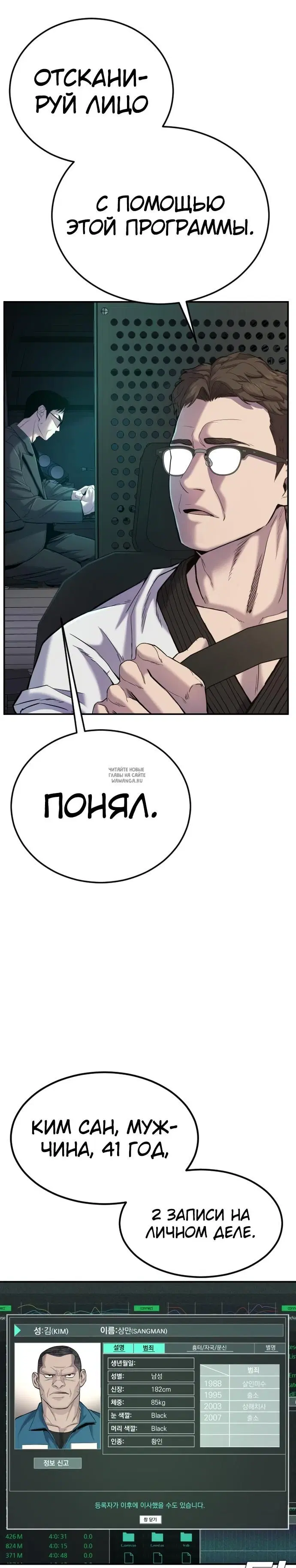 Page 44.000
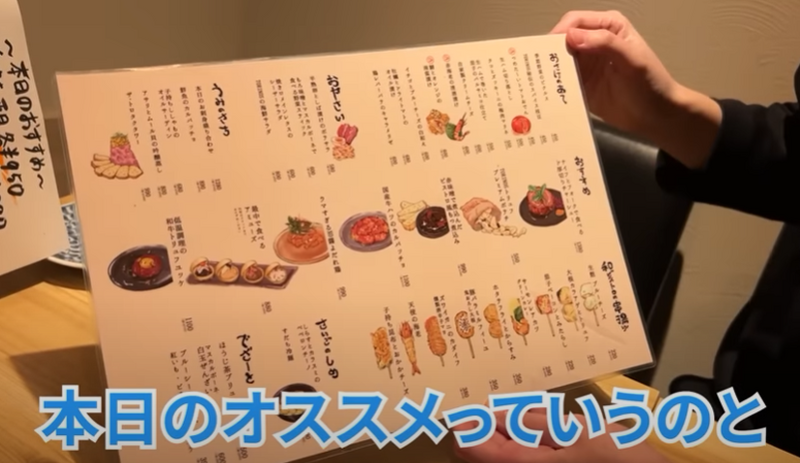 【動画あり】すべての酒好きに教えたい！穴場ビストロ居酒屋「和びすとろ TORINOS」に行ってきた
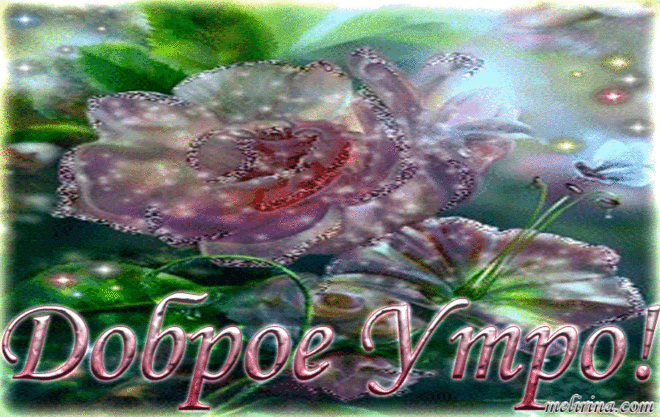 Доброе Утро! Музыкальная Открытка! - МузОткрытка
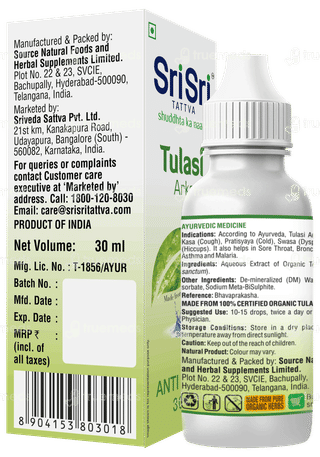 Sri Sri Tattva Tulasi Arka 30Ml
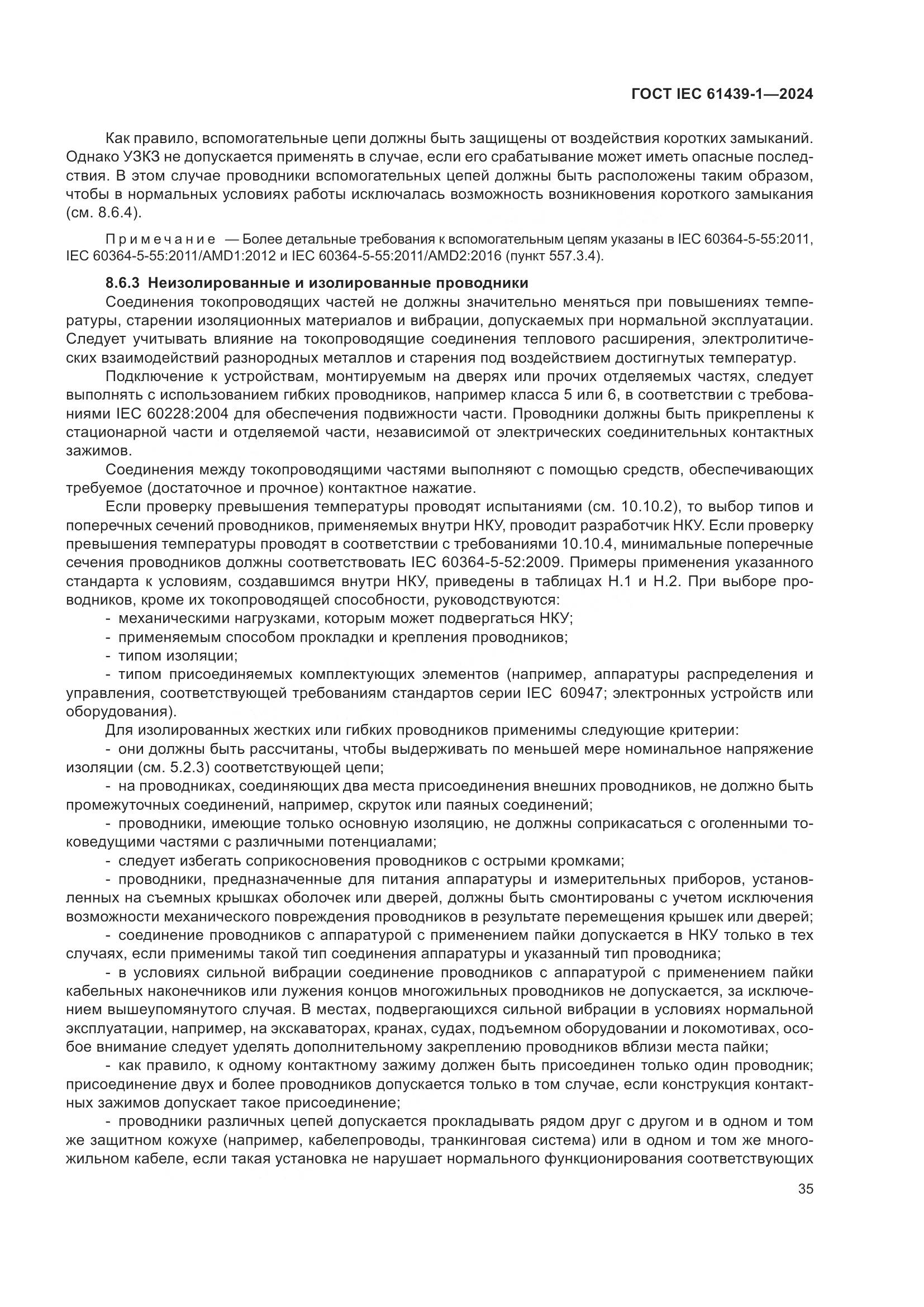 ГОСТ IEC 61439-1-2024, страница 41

⁂

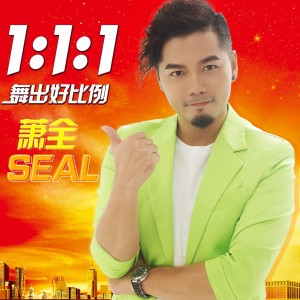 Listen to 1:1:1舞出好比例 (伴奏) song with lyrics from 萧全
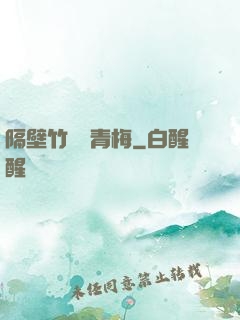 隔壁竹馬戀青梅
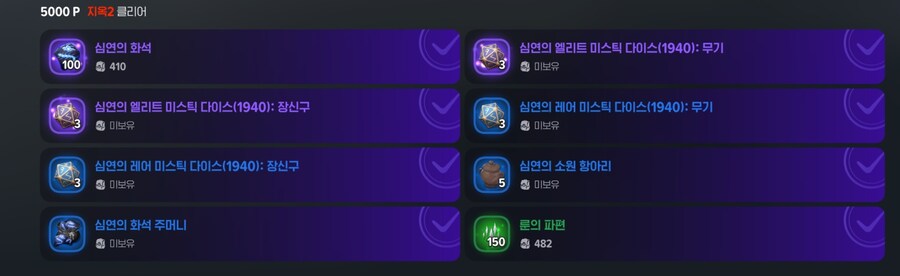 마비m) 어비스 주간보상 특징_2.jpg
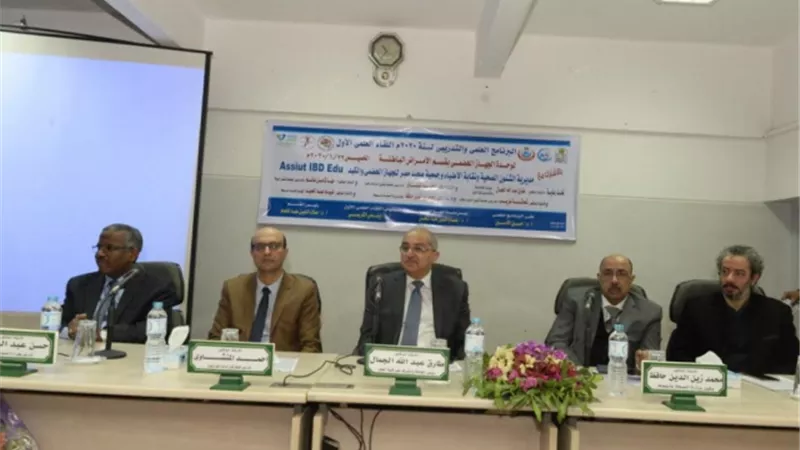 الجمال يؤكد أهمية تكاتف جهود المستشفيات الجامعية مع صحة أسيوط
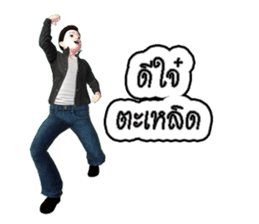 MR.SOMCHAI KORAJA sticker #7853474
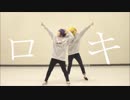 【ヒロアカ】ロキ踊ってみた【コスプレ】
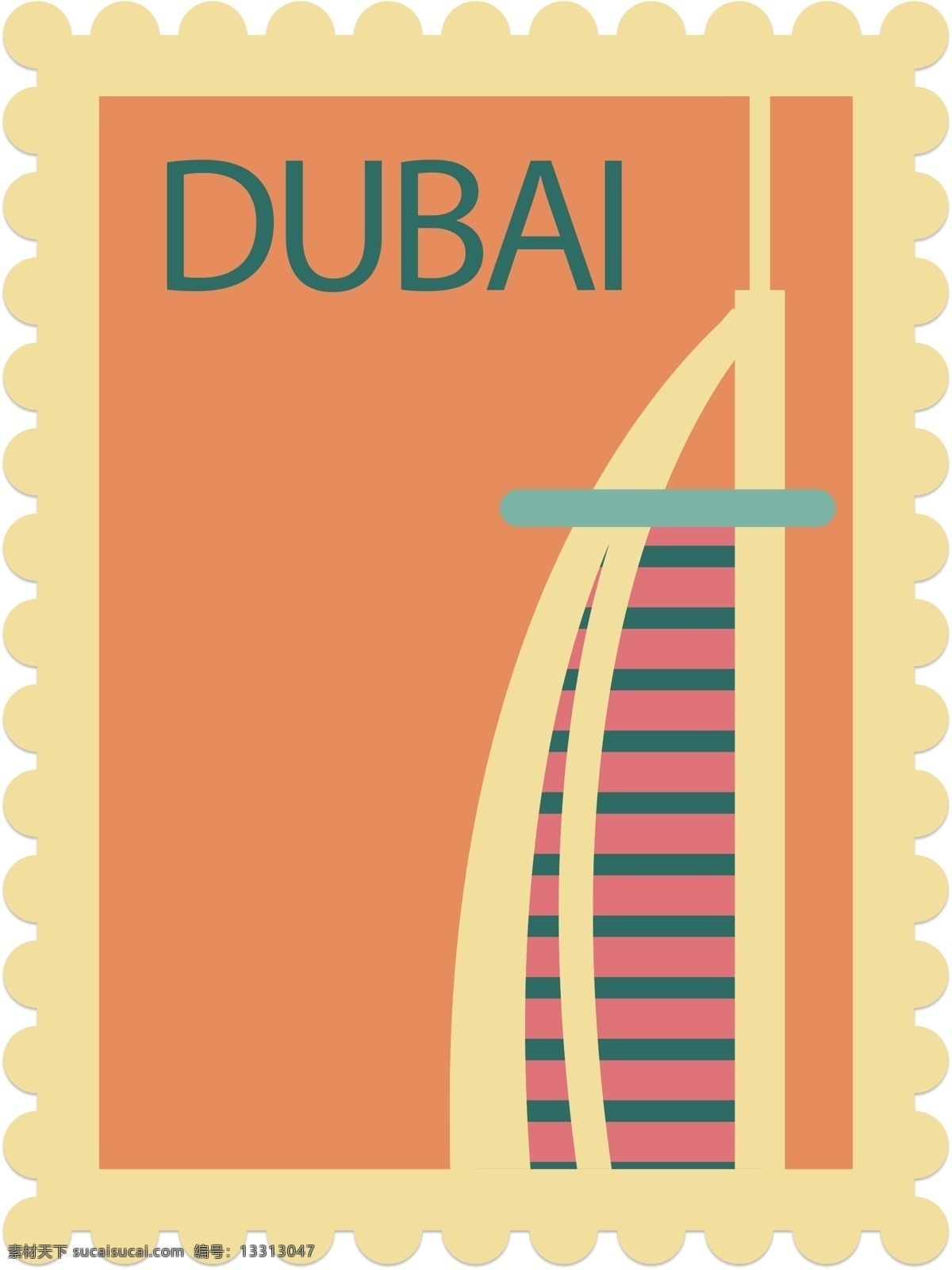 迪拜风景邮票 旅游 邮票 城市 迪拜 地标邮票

⁂

PROBLEM STATEMENT: Return exactly the lines that appear in the data above between the line containing "MR.SOMCHAI KORAJA sticker #7853474" and the line containing "迪拜风景邮票 旅游 邮票 城市 迪拜 地标邮票", both of which are included, and leave the pictures out.

SOLUTION FOR THIS EXERCISE:
 MR.SOMCHAI KORAJA sticker #7853474
 【ヒロアカ】ロキ踊ってみた【コスプレ】
 迪拜风景邮票 旅游 邮票 城市 迪拜 地标邮票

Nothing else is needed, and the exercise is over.